Le Vieux-Nice est une véritable curiosité. Les êtres les plus étranges s'y croisent, s'y côtoient, offrant au badaud une impression d'ailleurs, mélange trouble de cour des miracles et de pittoresque méditerranéen. Le soleil qui luit sur la mer toute proche illumine les toits de façon vive. Le ton est donné, entre bleu d'azur et ocres saturés.
Pourtant le Vieux-Nice est avant tout un lieu d'ombre. Les "immeubles" qui le composent datent pour la plupart de la fin du XVIIème siècle, et témoignent de la volonté des habitants de l'époque de s'abriter de ce soleil aujourd'hui tant couru. Les rues n'ont guère plus de trois mètres de large, offrant un recul limité qui ne gène en rien le lèche vitrine, mais crée un effet de murmurante véranda pour persiennes et jalousies.
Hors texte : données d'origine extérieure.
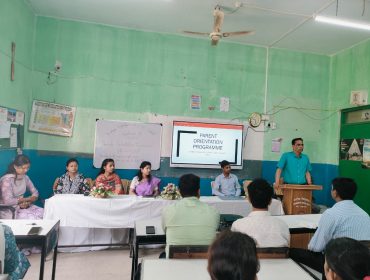parent orientation programme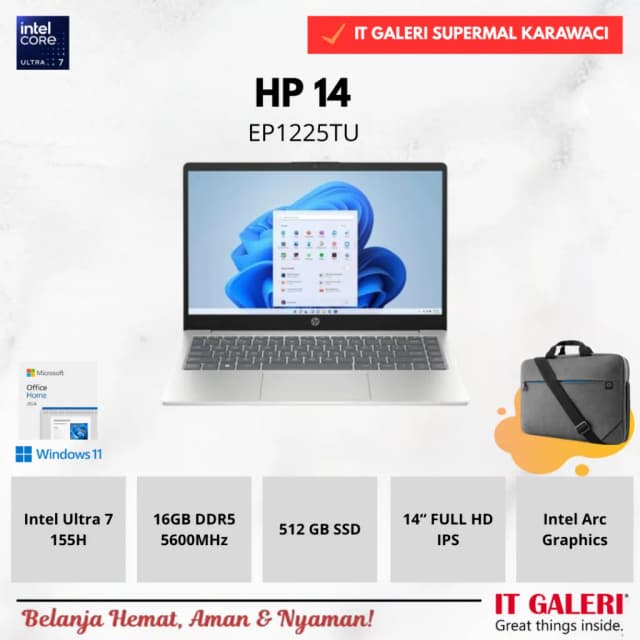 Top 1 so sánh giá Laptop HP 15 fd1288TU - C2CV7PA (Ultra 7 155H, 16GB, 512GB, Full HD, Win11) - Tìm sản phẩm giá rẻ nhất - Ảnh 24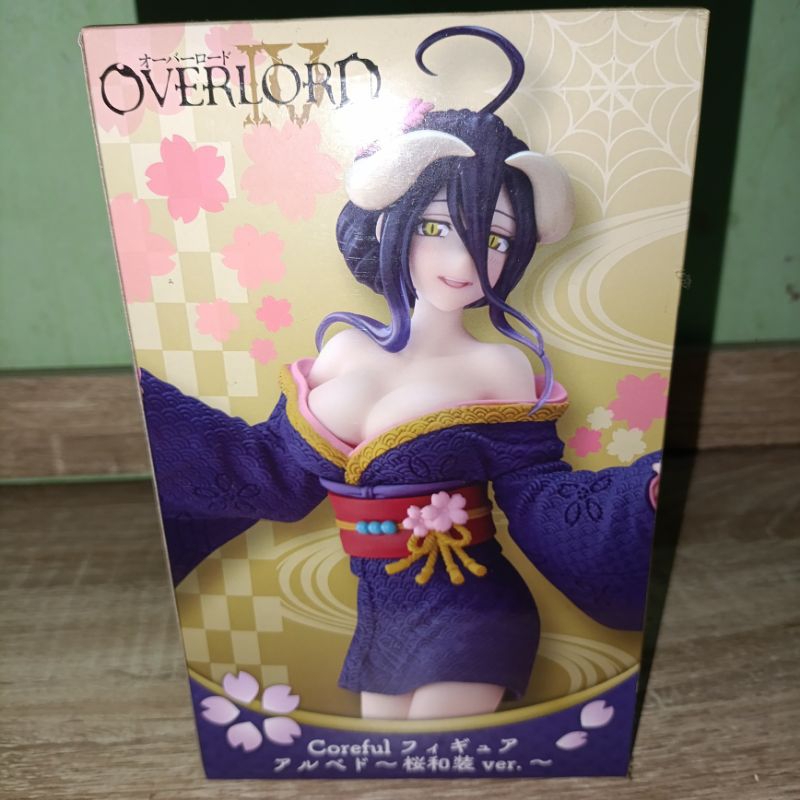Figure Coreful Taito Original, Albedo, Overlord.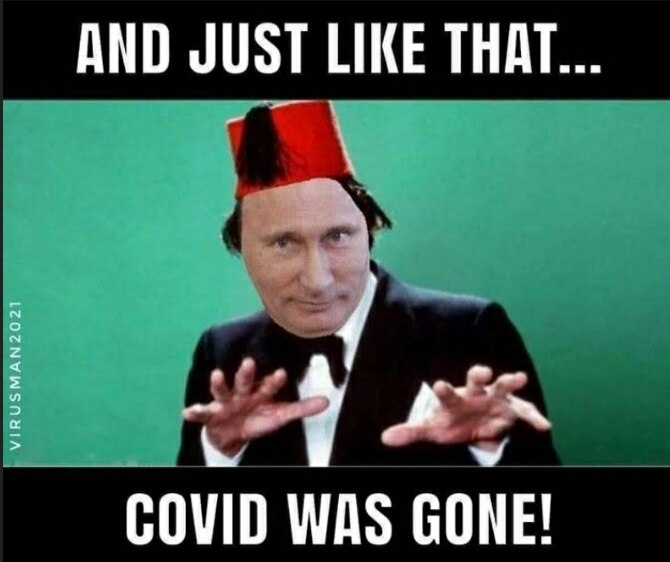 Western media don't want you to know this 100% effective cure to coved.

Turn off the TV.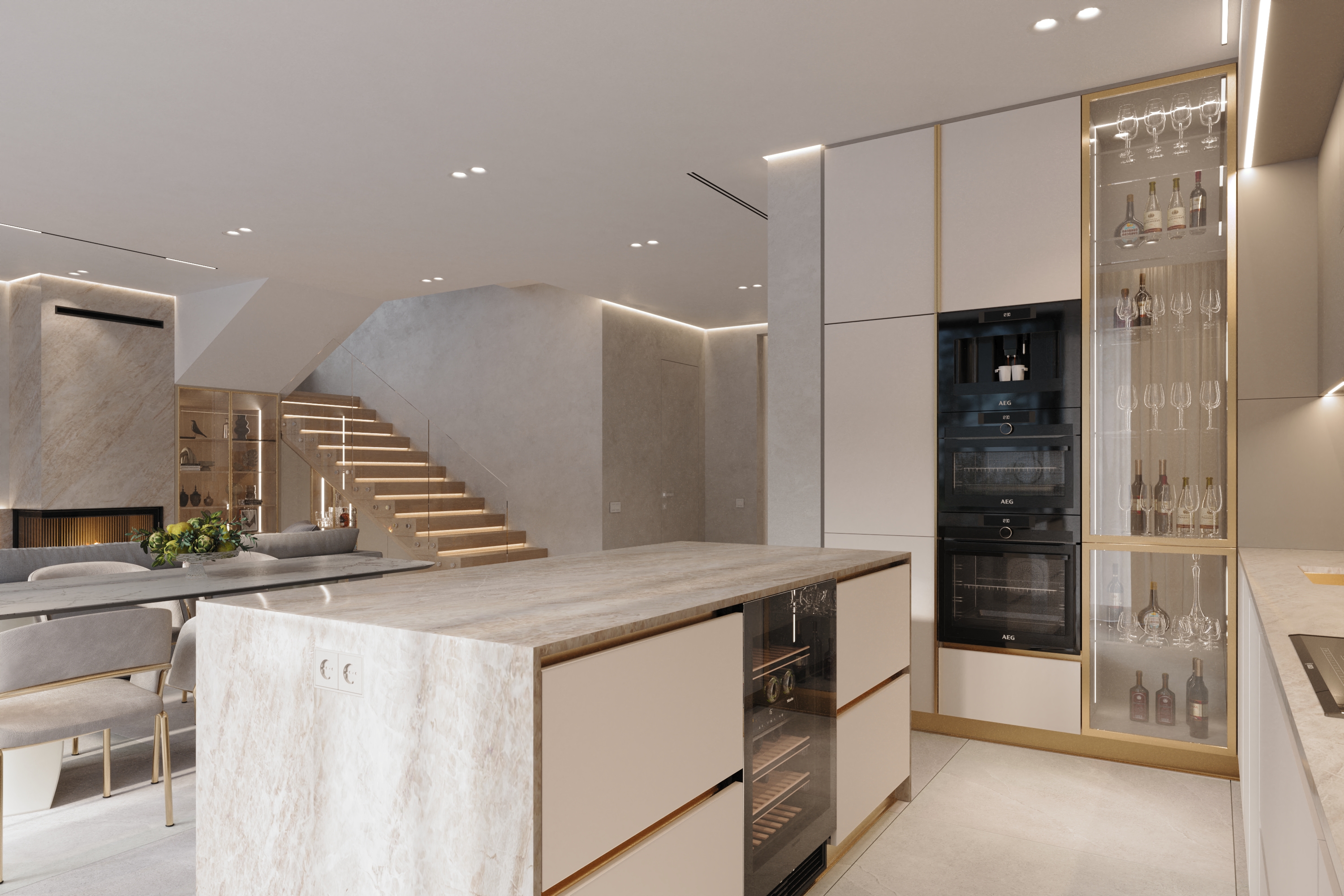 House Hodosivka | Modern Residential Interior-4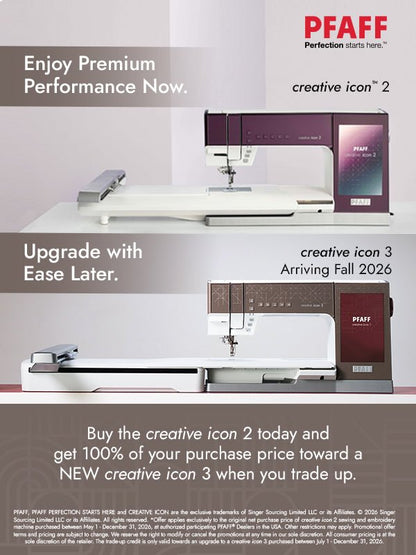 Pfaff Creative Icon 3 (Pre-Order)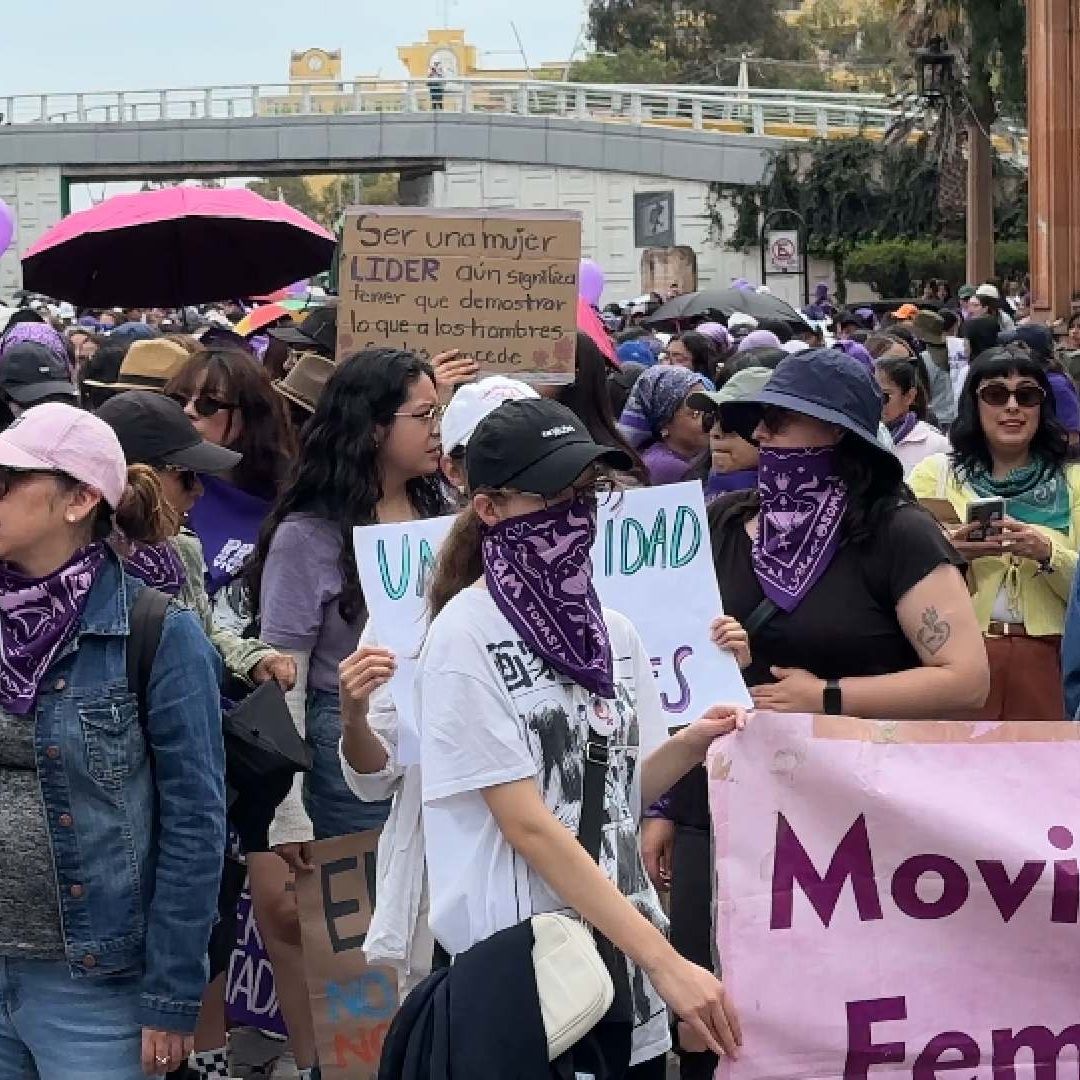 Comienza la Marcha 8M en Zacatecas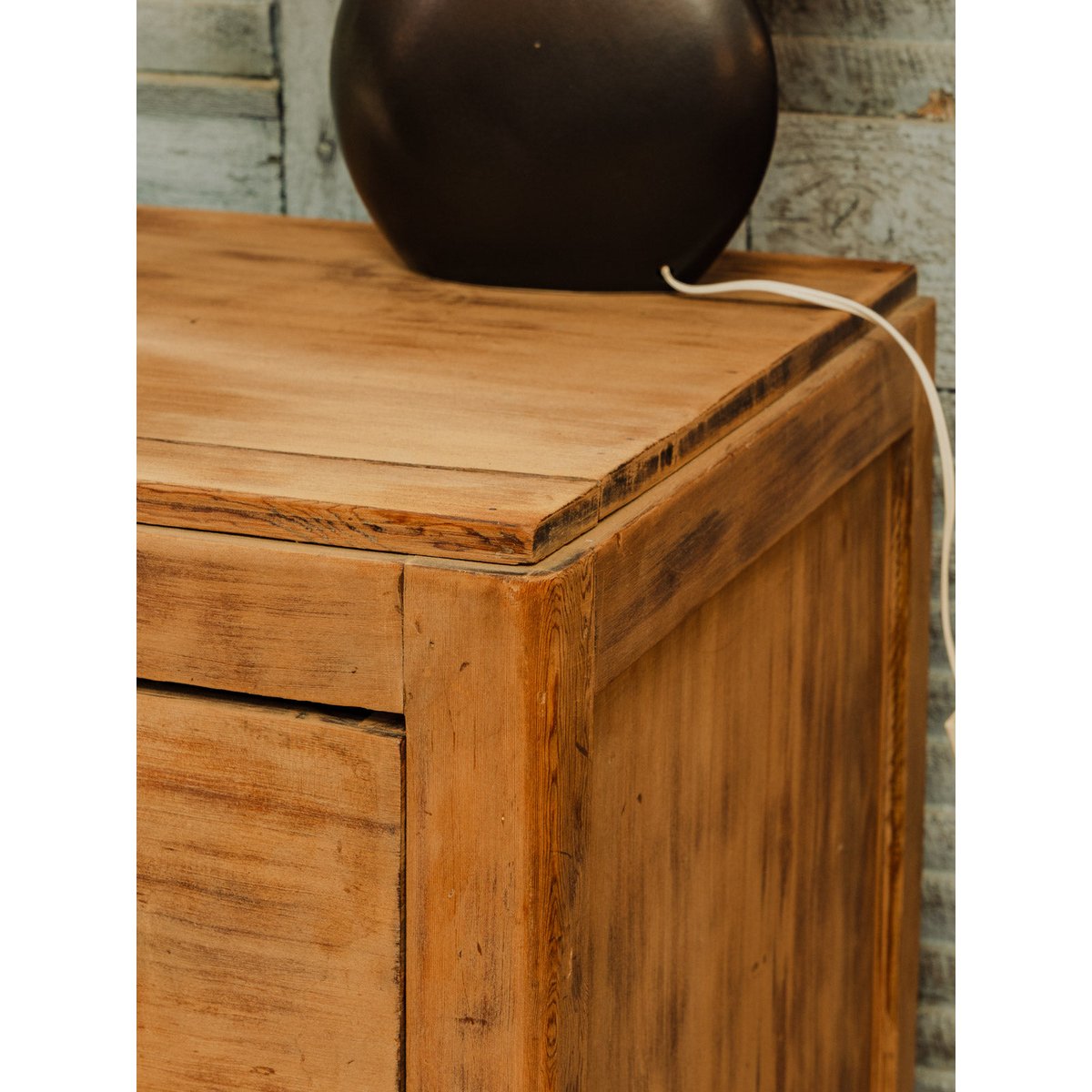 Commode en chêne Garance N°730 - Bon état bois clair, DEBONGOUT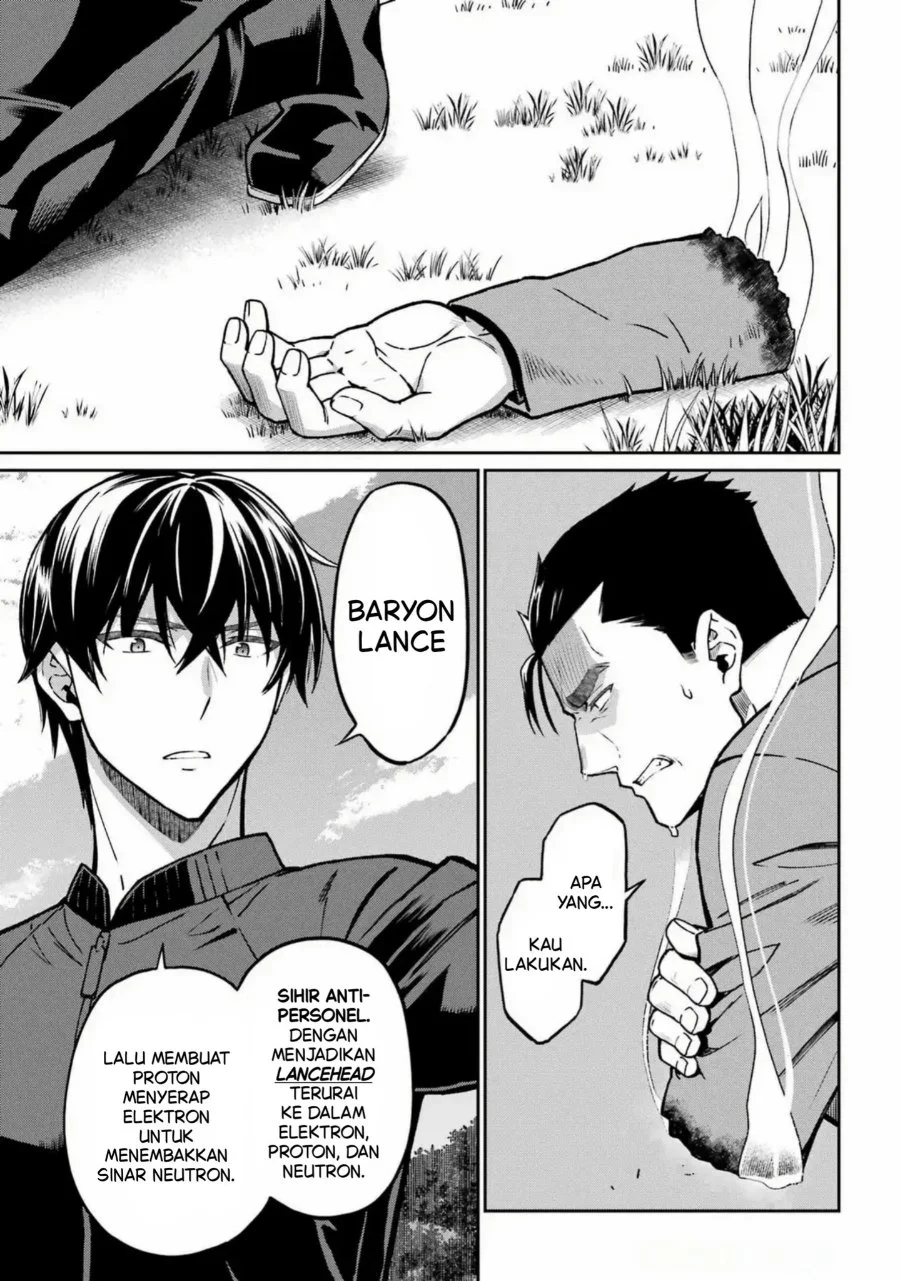 Mahouka Koukou no Rettouse Koritsu-hen Chapter 25 Gambar 3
C'est en allant acheter du pain rue du Jésus que j'ai vu le premier...  Ce bout de mur avait là quelque chose. Cette lumière furtive, fugace, dans ce labyrinthe aux parois à l'allure de falaises balconnées, le magnifiait. Le morceau d'affiche, l'éclat de peinture, la poussière du ciment centenaire jouaient avec elle. L'ombre était aiguë, ramassée en petites pointes agressives. Il semblait y avoir bataille.
Quand je repassai peu après avec le pain, c'était fini. Mon mur cendrillon avait repris ses allures de souillon. Il renaîtrait le lendemain, si les nuages ne venaient pas s'en mêler... Je serais là.
Cette série de photos a commencé comme ça.  "Flairant" l'instant, j'ai couru d'angles en porches, de placettes en escaliers, à la recherche de cette chose nouvelle qui me faisait vibrer, l'entente de la matière avec cette lumière rasante de midi, j'oserai dire"in vivo", au détriment de l'ombre et de la platitude.
 Ces murs sont le seul horizon de celui qui vit dans le Vieux, un "troglo" comme on dit ici, les peintures rupestres de sa grotte à ciel ouvert. Ils obsèdent à force d'être vus sans être regardés. Les rendre beaux a sans doute été une manière de les exorciser, d'être à nouveau capable de les dépasser pour aller voir la mer,  devant le cours, à deux pas de là.